Once the line holding "A Garden With" is found in the entries below, restate it and each line after it word for word, with no pictures.

Captioned web image data
━━━
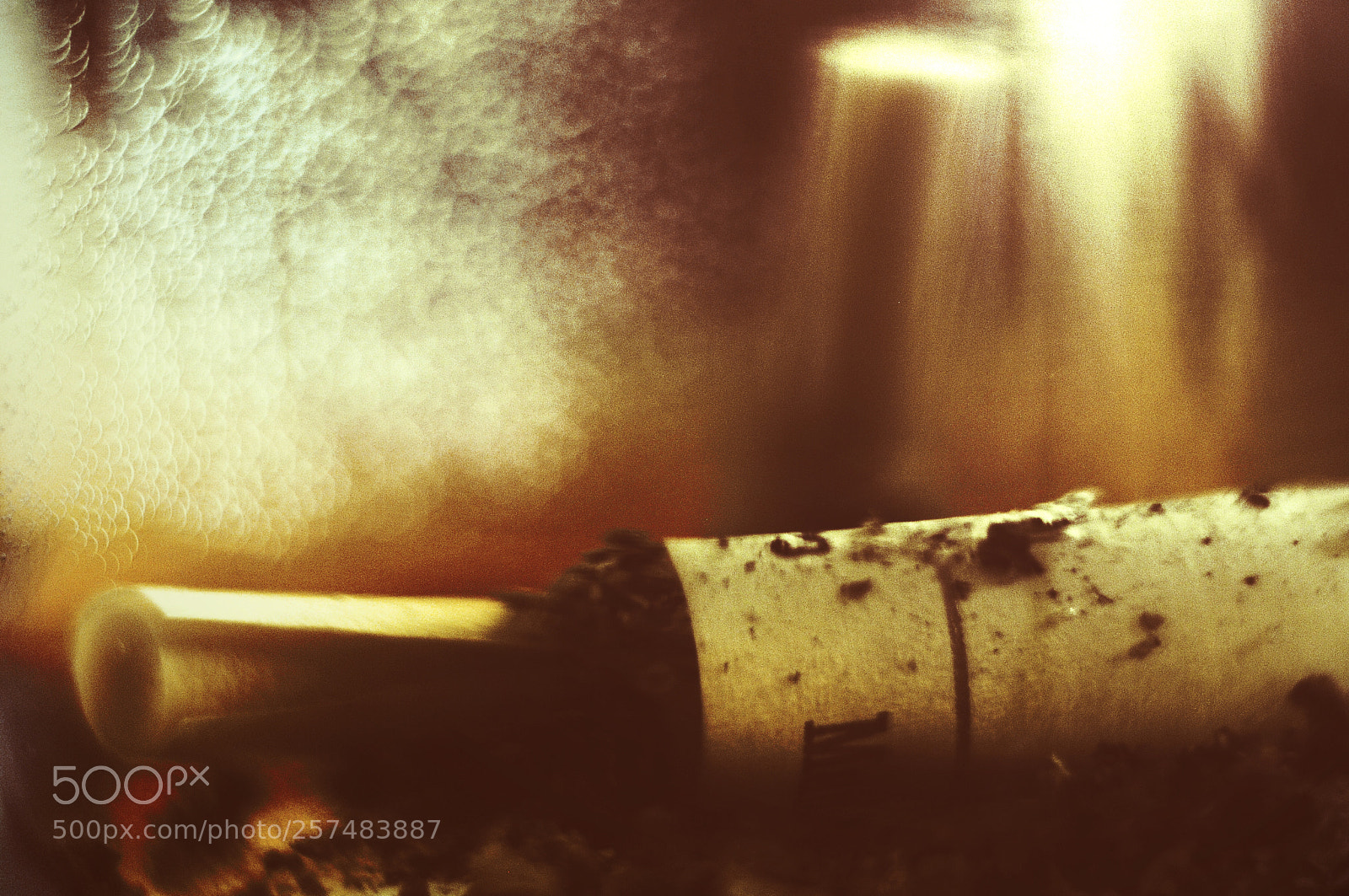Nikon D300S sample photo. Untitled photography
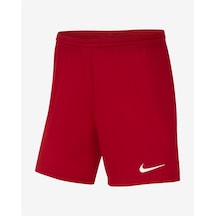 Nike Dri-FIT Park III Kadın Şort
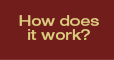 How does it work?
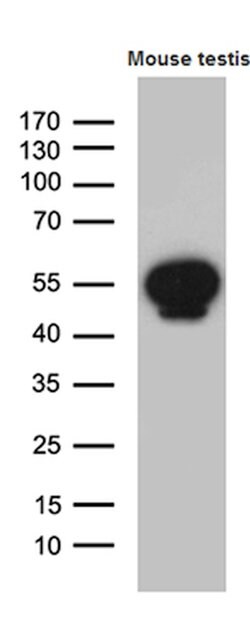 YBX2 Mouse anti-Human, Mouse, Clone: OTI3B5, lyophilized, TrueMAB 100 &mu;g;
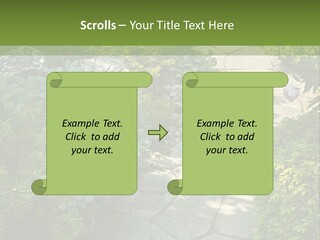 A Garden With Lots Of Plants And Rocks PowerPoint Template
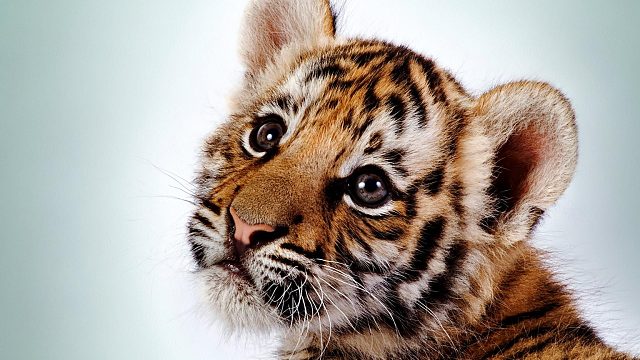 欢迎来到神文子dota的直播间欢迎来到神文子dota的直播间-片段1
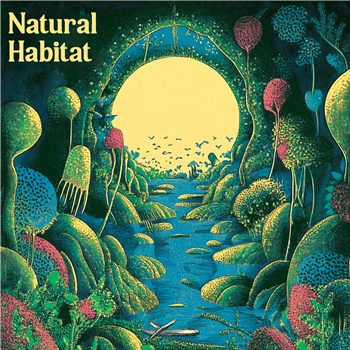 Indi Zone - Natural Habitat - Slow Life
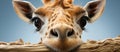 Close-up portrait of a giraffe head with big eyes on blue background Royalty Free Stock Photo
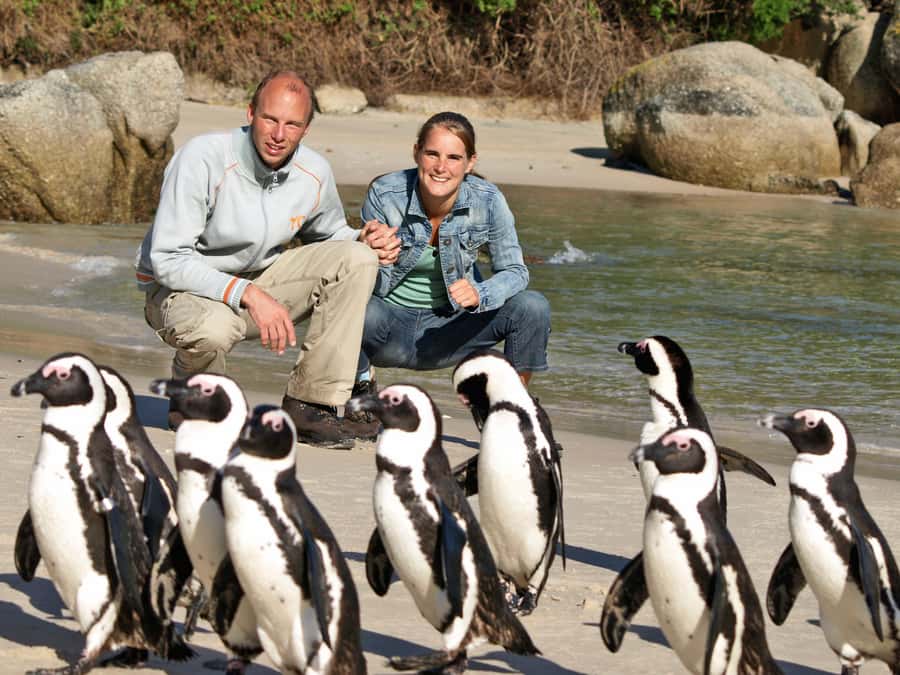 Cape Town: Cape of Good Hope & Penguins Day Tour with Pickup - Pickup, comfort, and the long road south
━━━
_YOUR RESPONSE_
 A Garden With Lots Of Plants And Rocks PowerPoint Template
 欢迎来到神文子dota的直播间欢迎来到神文子dota的直播间-片段1
 Indi Zone - Natural Habitat - Slow Life
 Close-up portrait of a giraffe head with big eyes on blue background Royalty Free Stock Photo
 Cape Town: Cape of Good Hope & Penguins Day Tour with Pickup - Pickup, comfort, and the long road south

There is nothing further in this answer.